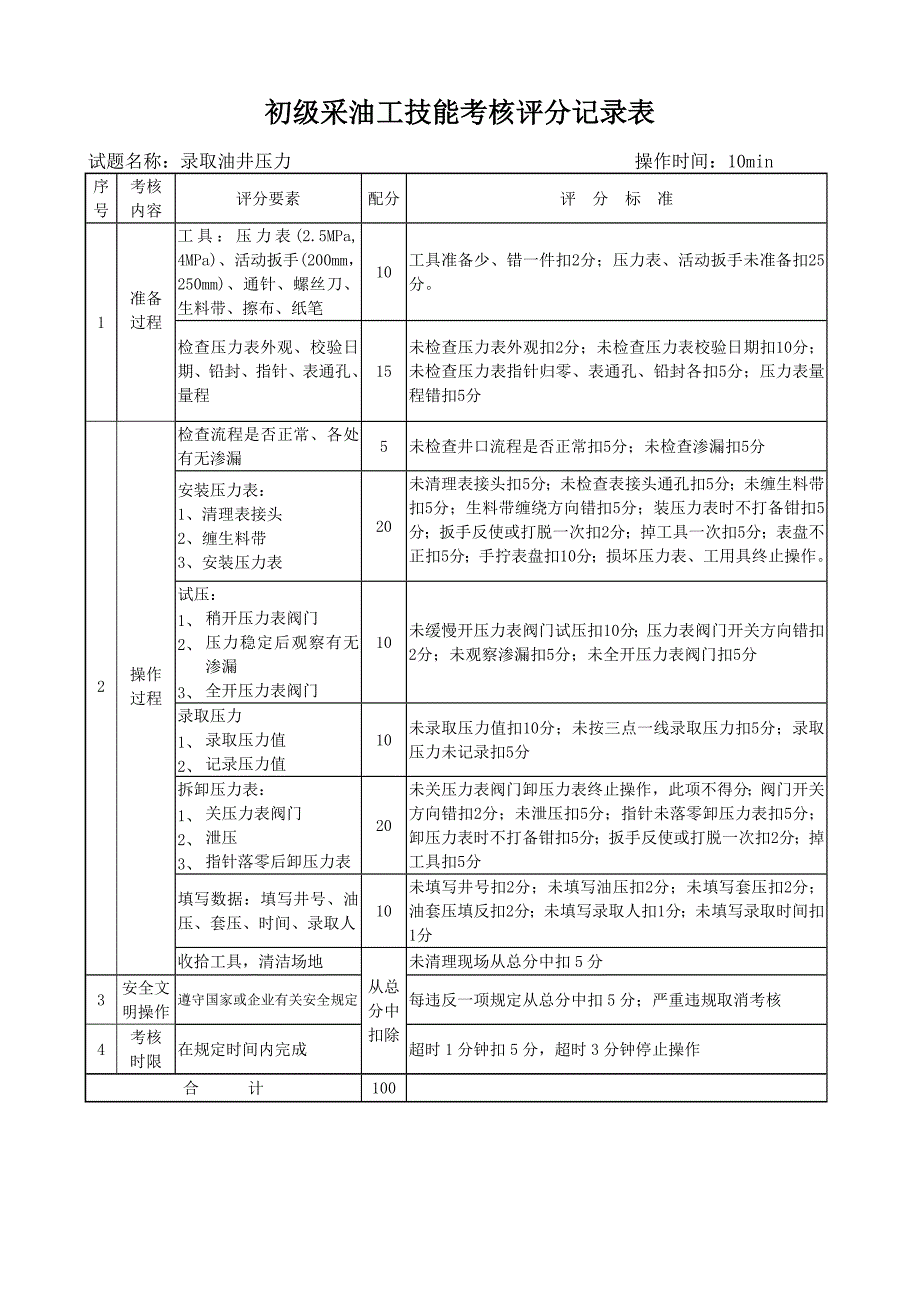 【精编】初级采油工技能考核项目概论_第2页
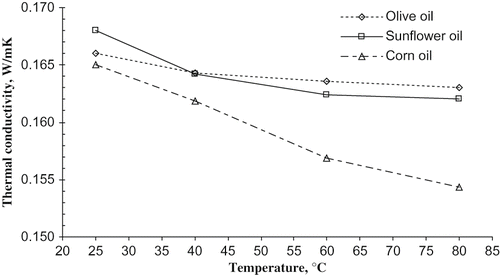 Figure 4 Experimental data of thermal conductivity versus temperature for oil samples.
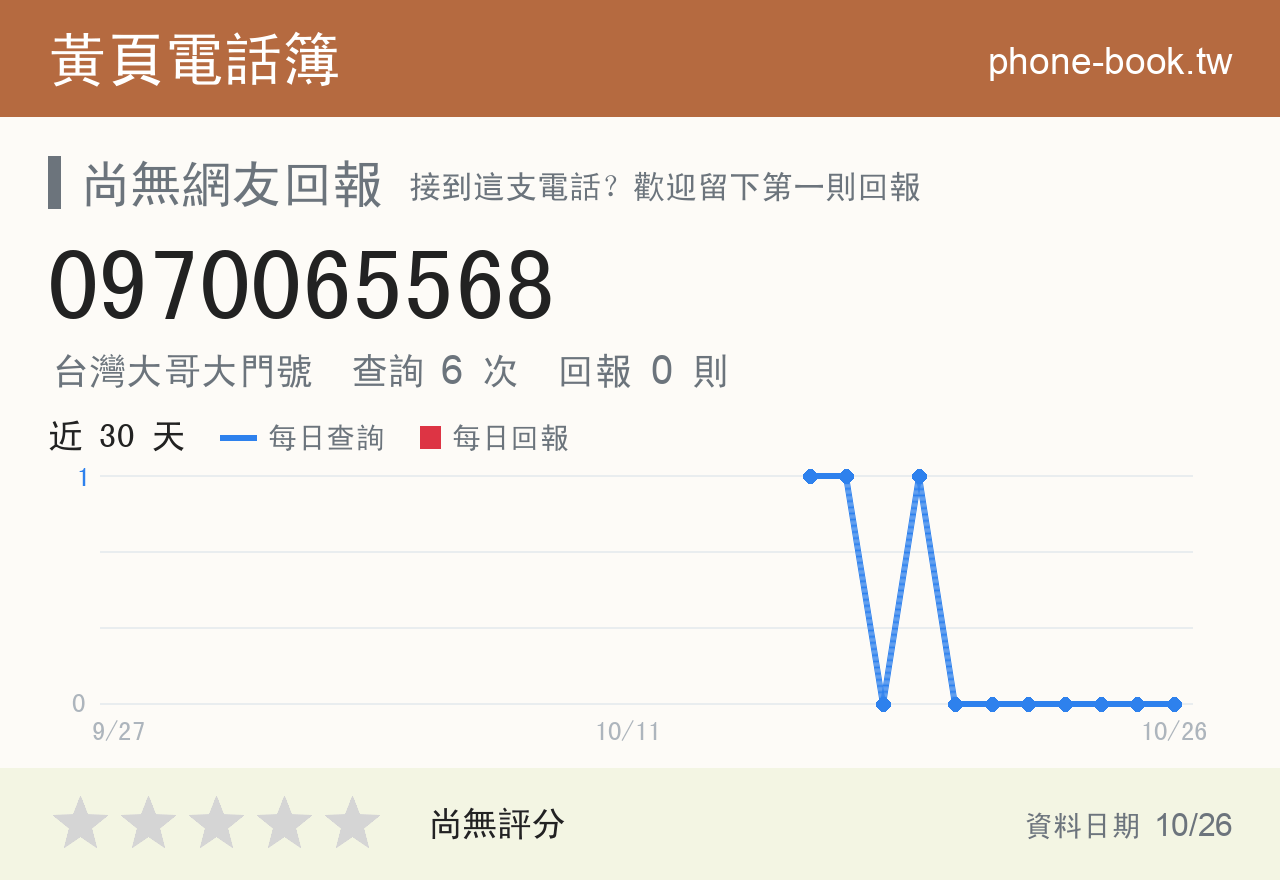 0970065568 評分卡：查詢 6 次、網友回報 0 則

------------------------------------------------------------------------

Output the listing above exactly, but leave its pictures behind.

## Answer to the problem
 【精编】初级采油工技能考核项目概论_第2页
 Figure 4 Experimental data of thermal conductivity versus temperature for oil samples.
 0970065568 評分卡：查詢 6 次、網友回報 0 則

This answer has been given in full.